Clash of Clans was dismissed as a fad; my (then) recent investment in Super Evil Megacorp was found perplexing and mobile as a platform was deemed to have little longevity in creating repeat hits from a single developer. At this point in time, understanding mobile gamers (and the acquisition, retention and monetization data around them) wasn’t a high priority at Activision. The company produced one billion-dollar hit after another, to a large, highly monetizing console and PC player base.

On Tuesday, Activision Blizzard bought King Digital Entertainment, creator of mobile smash hit Candy Crush Saga, in a deal worth $5.9 billion. Now, years after my Santa Monica meeting, it seems that mobile has become a more serious priority for Activision CEO Bobby Kotick. The mobile gaming industry now has publishers with a diversified portfolio of hit games, and Activision sees King as a strategic bolt-on to expand its mobile footprint.
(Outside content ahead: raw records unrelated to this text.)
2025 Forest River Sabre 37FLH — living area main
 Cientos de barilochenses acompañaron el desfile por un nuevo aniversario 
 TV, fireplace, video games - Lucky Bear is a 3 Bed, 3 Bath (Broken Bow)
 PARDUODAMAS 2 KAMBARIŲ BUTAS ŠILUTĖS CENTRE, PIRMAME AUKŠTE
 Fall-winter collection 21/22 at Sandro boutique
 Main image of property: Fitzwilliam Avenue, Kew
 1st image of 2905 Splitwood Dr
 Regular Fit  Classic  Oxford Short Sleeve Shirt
Rationalizing the deal has been covered at length in the press the past couple of days; it made sense financially from a DCF, EPS, EBITDA and price perspective. We have a giant public company acquiring a smaller business with solid cash flow that has operated in a largely under-tapped market for Activision. They were already several years behind their West Coast rival, Electronic Arts, which had several successful mobile hits, including Simpsons Tapped Out. Activision’s audience is largely hardcore, playing on console and PC, across a portfolio of sci-fi and fantasy titles, whereas King has half a billion mobile gamers who are largely female and casual players. Sounds like quite an awkward party when you put both groups in a room together, right?

I’ve written in the past about why I don’t invest in new mobile gaming studios anymore (you can read it here. Mobile game marketing costs are too high, gamers churn before breaking even from a monetization perspective, and distribution is controlled by celebrity brands (Star Wars, Kim Kardashian) and app store featuring from Cupertino and Mountain View.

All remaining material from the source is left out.